RE: on documents and terms [was: RE: [WNET] new proposal WN URIs and related issues] from Booth, David (HP Software - Boston) on 2006-04-24 (public-swbp-wg@w3.org from April 2006)

From: Booth, David (HP Software - Boston) <dbooth@hp.com>
Date: Mon, 24 Apr 2006 18:38:04 -0400
To: "Pat Hayes" <phayes@ihmc.us>, <public-swbp-wg@w3.org>
Cc: "Frank Manola" <fmanola@acm.org>
Message-ID: <EBBD956B8A9002479B0C9CE9FE14A6C20B92FA@tayexc19.americas.cpqcorp.net>
> From: Pat Hayes [mailto:phayes@ihmc.us] 
> . . . 
> Not minor at all, Frank. This might get to one of the hearts 
> of the issue.
> 
> >"Definitely not" may be technically correct, but
> >I think a bit more context is needed here.  The 
> >TAG Architecture document says:
> >
> >"It is conventional on the hypertext Web to
> >describe Web pages, images, product catalogs, 
> >etc. as ³resources². The distinguishing 
> >characteristic of these resources is that all of 
> >their essential characteristics can be conveyed 
> >in a message. We identify this set as 
> >³information resources.²
> >
> >This document is an example of an information
> >resource. It consists of words and punctuation 
> >symbols and graphics and other artifacts that 
> >can be encoded, with varying degrees of 
> >fidelity, into a sequence of bits. There is 
> >nothing about the essential information content 
> >of this document that cannot in principle be 
> >transfered in a message. In the case of this 
> >document, the message payload is the 
> >representation of this document."
> 
> OK, reading the above carefully, in the light of 
> David's comment, I seem to discern an implicit 
> distinction between several things. Let me be 
> excruciatingly pedantic here for a second, and 
> make very, very careful distinctions between 
> several things involved in a hypothetical HTTP 
> GET, which to keep things as simple as possible I 
> will assume is the successful getting of an XHTML 
> web page from a server, with a 2xx code, no 
> problems. There seem to be several entities 
> involved in this.
> 
> 1.  An "HTTP endpoint", which is a computational 
> process running on hardware, which processes the 
> GET request and emits http codes and bit-strings.
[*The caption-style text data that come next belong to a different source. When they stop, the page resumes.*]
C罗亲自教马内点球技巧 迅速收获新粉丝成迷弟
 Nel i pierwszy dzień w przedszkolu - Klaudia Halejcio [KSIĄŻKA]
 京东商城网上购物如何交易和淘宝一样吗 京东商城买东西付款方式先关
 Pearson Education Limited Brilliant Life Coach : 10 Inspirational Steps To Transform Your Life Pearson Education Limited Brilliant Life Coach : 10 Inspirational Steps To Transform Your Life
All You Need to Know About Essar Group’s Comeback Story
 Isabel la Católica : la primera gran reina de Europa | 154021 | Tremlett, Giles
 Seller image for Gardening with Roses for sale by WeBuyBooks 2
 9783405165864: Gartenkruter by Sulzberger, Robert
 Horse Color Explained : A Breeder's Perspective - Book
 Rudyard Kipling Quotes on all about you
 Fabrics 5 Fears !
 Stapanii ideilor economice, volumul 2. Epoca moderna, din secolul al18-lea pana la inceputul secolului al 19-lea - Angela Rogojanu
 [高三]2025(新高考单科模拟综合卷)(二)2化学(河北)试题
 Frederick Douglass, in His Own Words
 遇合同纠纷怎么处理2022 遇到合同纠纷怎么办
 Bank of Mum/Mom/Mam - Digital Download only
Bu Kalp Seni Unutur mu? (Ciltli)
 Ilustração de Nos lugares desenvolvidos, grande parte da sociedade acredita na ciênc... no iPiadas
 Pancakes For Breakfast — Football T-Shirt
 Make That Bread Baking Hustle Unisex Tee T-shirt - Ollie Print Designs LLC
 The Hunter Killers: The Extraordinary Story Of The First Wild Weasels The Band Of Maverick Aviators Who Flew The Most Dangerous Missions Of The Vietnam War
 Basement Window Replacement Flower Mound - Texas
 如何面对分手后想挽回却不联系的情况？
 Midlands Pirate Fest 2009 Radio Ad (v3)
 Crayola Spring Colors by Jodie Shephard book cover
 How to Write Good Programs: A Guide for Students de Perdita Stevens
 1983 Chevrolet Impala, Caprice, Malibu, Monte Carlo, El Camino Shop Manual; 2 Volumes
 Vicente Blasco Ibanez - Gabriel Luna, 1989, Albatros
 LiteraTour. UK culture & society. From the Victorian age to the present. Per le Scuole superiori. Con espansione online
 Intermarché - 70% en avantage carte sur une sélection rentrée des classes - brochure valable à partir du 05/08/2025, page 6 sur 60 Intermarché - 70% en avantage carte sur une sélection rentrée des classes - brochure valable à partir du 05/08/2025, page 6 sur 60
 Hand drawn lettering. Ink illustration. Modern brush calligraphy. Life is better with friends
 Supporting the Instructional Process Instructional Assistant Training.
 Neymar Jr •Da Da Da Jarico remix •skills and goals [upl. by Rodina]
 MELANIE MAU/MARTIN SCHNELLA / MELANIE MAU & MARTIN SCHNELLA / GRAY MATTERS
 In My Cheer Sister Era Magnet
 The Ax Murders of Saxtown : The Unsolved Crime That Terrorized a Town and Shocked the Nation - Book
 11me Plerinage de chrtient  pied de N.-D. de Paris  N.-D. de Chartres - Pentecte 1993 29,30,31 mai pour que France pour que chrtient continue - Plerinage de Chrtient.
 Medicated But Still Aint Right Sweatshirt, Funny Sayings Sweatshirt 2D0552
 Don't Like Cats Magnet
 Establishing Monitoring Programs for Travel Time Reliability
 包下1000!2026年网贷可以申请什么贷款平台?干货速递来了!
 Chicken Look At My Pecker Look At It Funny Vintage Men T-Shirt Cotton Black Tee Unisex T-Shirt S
Yes.  This is the "information resource", defined in an operational style.

Side note: I actually used the term "logical HTTP endpoint", not just "HTTP endpoint", because an "information resource" is associated with an entire URL minus the fragment identifier, whereas a Web server is (normally?) associated with only the domain+server part (ignoring the path and query string parts).  For example, given the URI http://example.org/foo?bar#fum , http://example.org/ , http://example.org/foo and http://example.og?bar may all correspond to different "information resources", even though they would be served by the same Web server associated with example.org.

> 
> 2. The sequence of bits or bytes whose 
> transmission from (1) constitutes the successful 
> completion of the GET request.

I'm not sure what you mean here.  If you're including the bits that are part of the HTTP protocol handshake itself, then it would be more than just the "representation".  If not, then I don't know how you mean #2 to be different from #4 below.

> 
> 3. The Web page itself: a document, consisting of 
> characters, which conform to XHTML syntactic 
> rules.

If it conforms to XHTML syntactic rules it sounds like you are talking about a particular instance of a document rather than a document in the abstract sense (which may change over time), so this sounds to me like a "representation".

> 
> 4. The encoding of the Web page (3) which is used 
> by the process (1) to produce the bitsequence (2)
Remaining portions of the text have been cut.